→ EXERCISE INPUTS
----------

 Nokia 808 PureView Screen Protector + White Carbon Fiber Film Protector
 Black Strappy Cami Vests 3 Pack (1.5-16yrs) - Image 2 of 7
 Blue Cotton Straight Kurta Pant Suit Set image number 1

----------

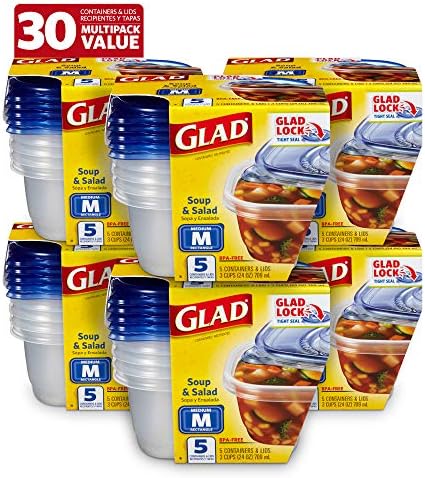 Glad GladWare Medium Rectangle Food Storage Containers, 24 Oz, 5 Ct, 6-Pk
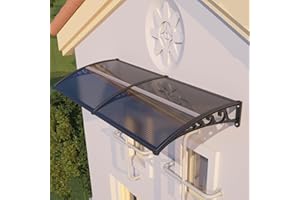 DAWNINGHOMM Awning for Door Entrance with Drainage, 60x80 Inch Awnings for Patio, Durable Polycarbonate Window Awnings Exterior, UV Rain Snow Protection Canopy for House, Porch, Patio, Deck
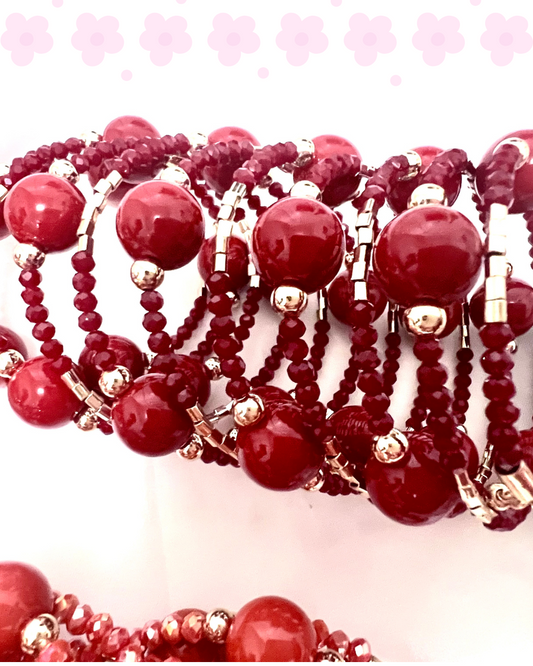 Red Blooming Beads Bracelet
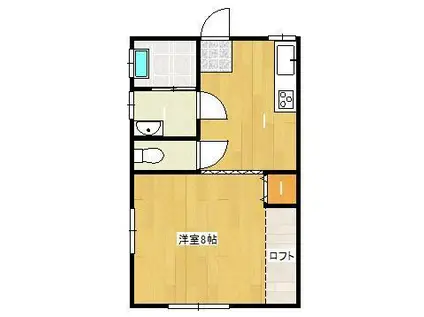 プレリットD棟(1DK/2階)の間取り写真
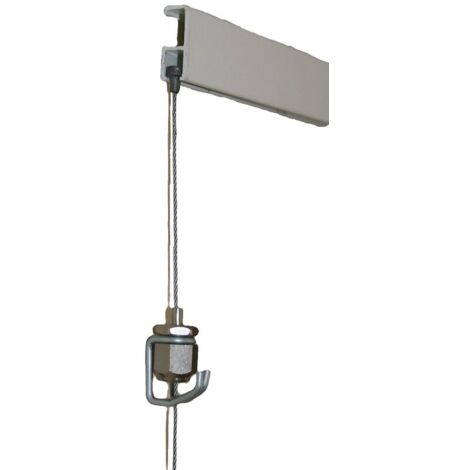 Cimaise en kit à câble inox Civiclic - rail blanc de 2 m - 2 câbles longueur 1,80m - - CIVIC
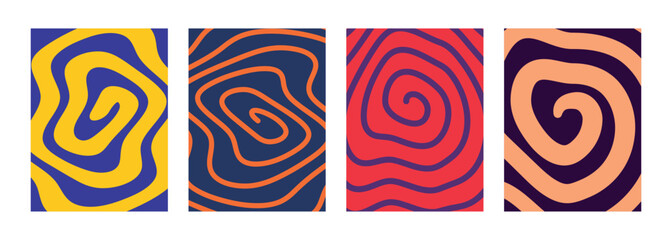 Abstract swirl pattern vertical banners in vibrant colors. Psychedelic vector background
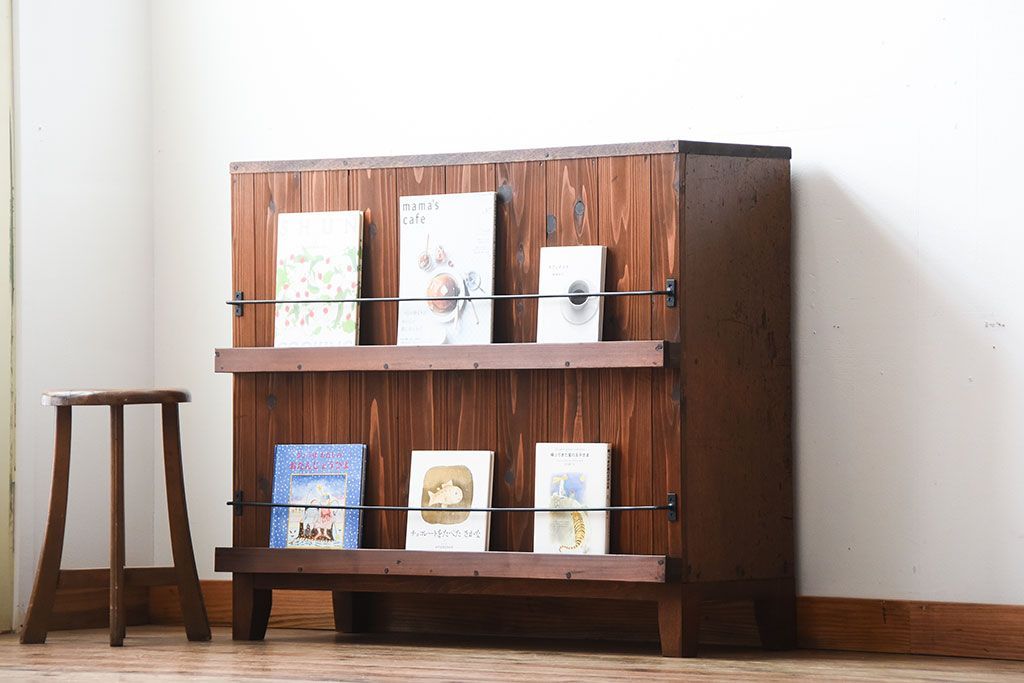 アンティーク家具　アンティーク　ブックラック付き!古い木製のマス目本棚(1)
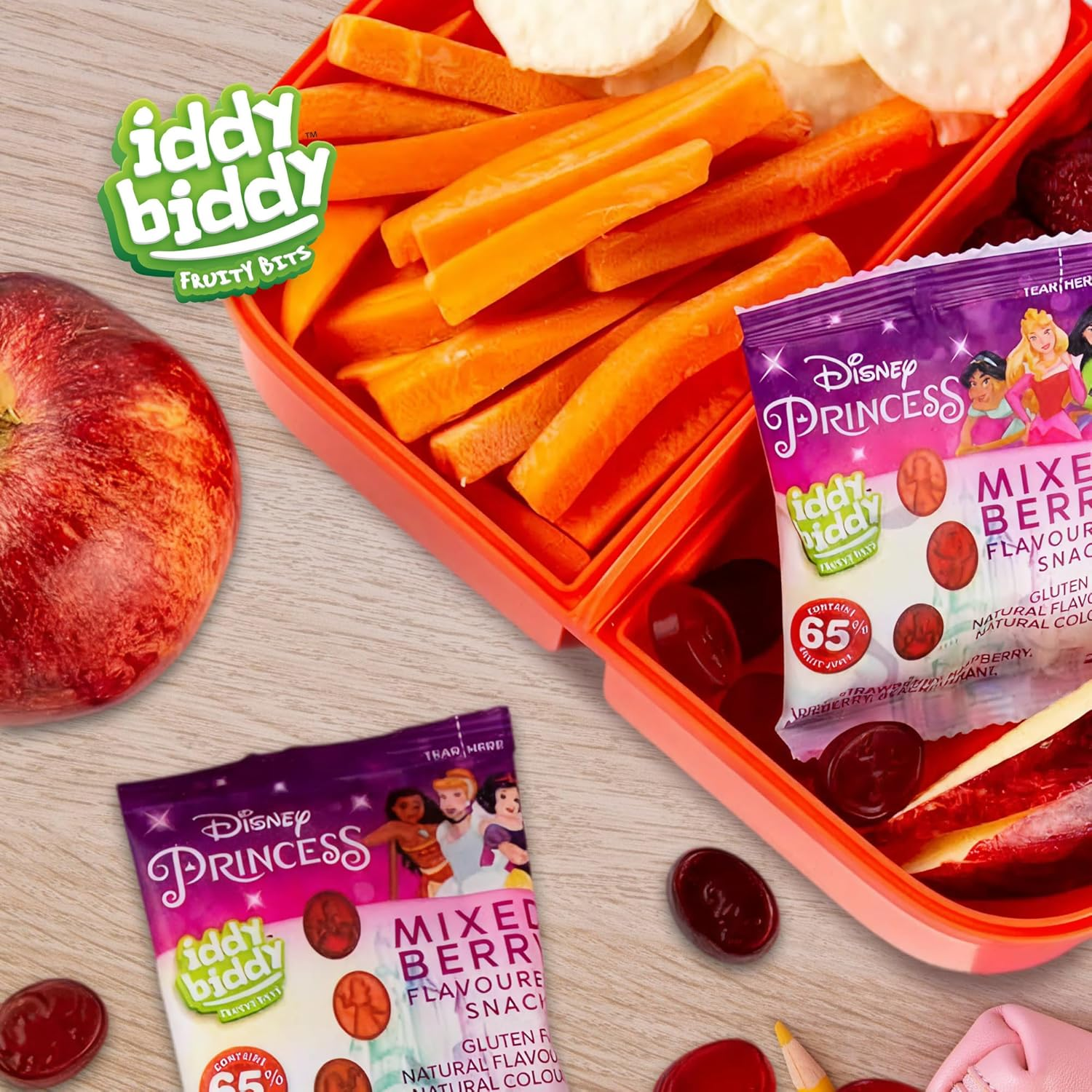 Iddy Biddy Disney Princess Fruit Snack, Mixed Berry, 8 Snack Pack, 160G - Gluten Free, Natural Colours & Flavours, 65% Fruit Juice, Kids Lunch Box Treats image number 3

----------

→ EXERCISE DIRECTIONS
In the records above, everything from the line with "アンティーク家具　アンティーク　ブックラック付き!古い木製のマス目本棚(1)" down to the line with "Iddy Biddy Disney" is to be set down exactly, both ends included, with no pictures and no other lines.

→ TASK RESPONSE
 アンティーク家具　アンティーク　ブックラック付き!古い木製のマス目本棚(1)
 Iddy Biddy Disney Princess Fruit Snack, Mixed Berry, 8 Snack Pack, 160G - Gluten Free, Natural Colours & Flavours, 65% Fruit Juice, Kids Lunch Box Treats image number 3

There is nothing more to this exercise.